[Extracted data Boundary: Start]
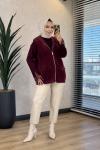 6125 Angora Kapşonlu Fermuarlı Yelek Bordo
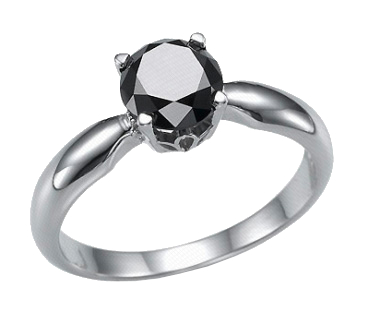 Кольцо для помолвки с черным бриллиантом DVI-47, белое золото 585 пробы, 3 гр. - купить в Самаре, цены в интернет-магазине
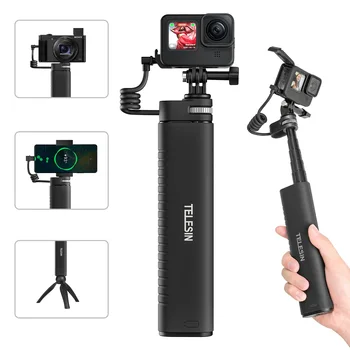 TELESIN 10000 мАч Power Bank Selfie Stick Зарядная Ручка для GoPro DJI Action 3 Osmo Insta360 action Camera Для смартфона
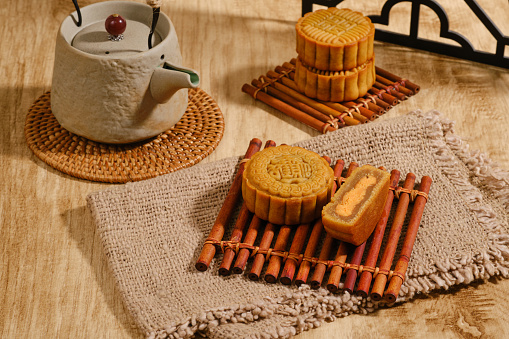 Moon Cake Mid Autumn Festival with teapot on wooden background ,chinese style photograp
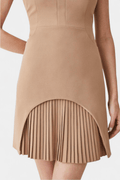Malou – Pleated dress – Khaki / L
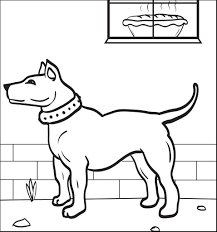 printable coloring page of a dog smelling pie supplyme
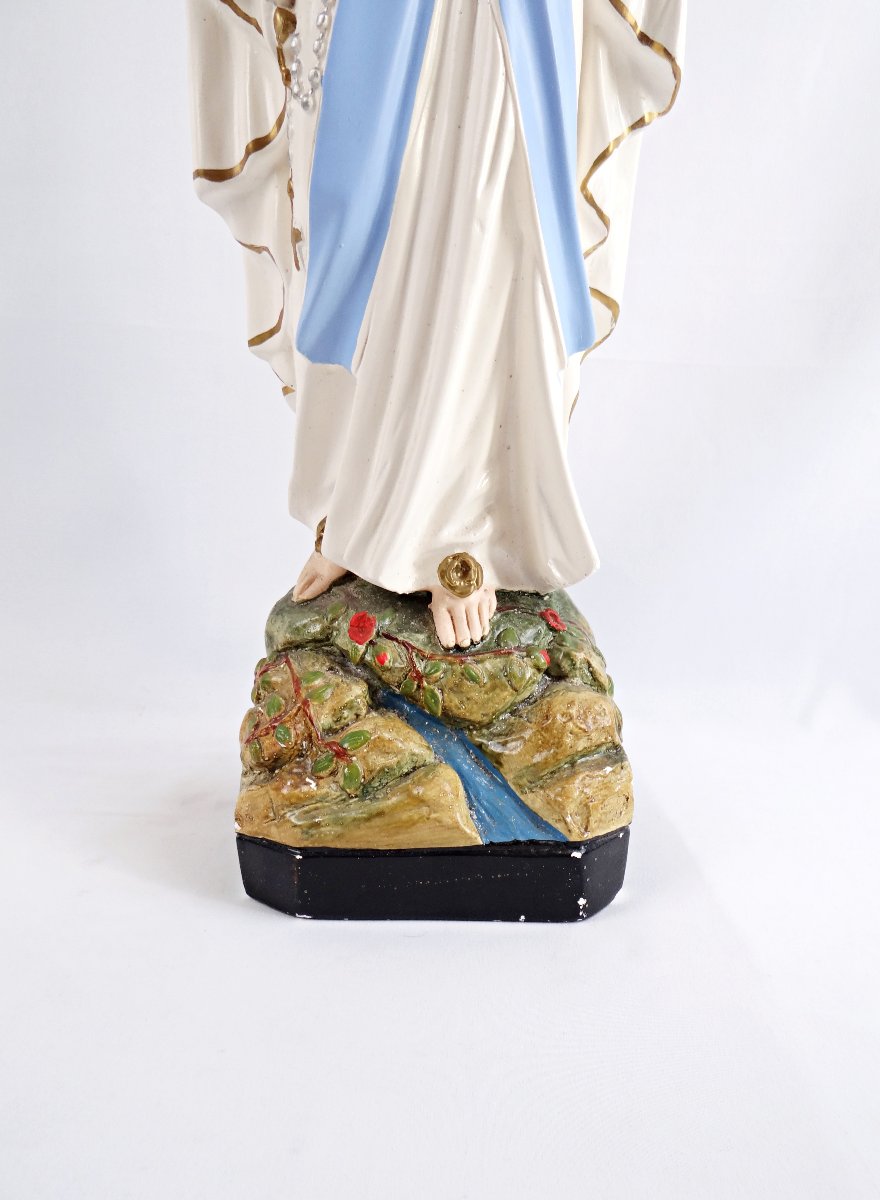 Statue Art Deco Notre-Dame de Lourdes en plâtre polychrome signée Alban Pene-photo-4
[Extracted data Boundary: End]
§ **About this exercise**: Copy out every entry above, character for character, excluding pictures.

§ **Task result**:
 6125 Angora Kapşonlu Fermuarlı Yelek Bordo
 Кольцо для помолвки с черным бриллиантом DVI-47, белое золото 585 пробы, 3 гр. - купить в Самаре, цены в интернет-магазине
 TELESIN 10000 мАч Power Bank Selfie Stick Зарядная Ручка для GoPro DJI Action 3 Osmo Insta360 action Camera Для смартфона
 Moon Cake Mid Autumn Festival with teapot on wooden background ,chinese style photograp
Malou – Pleated dress – Khaki / L
 printable coloring page of a dog smelling pie supplyme
 Statue Art Deco Notre-Dame de Lourdes en plâtre polychrome signée Alban Pene-photo-4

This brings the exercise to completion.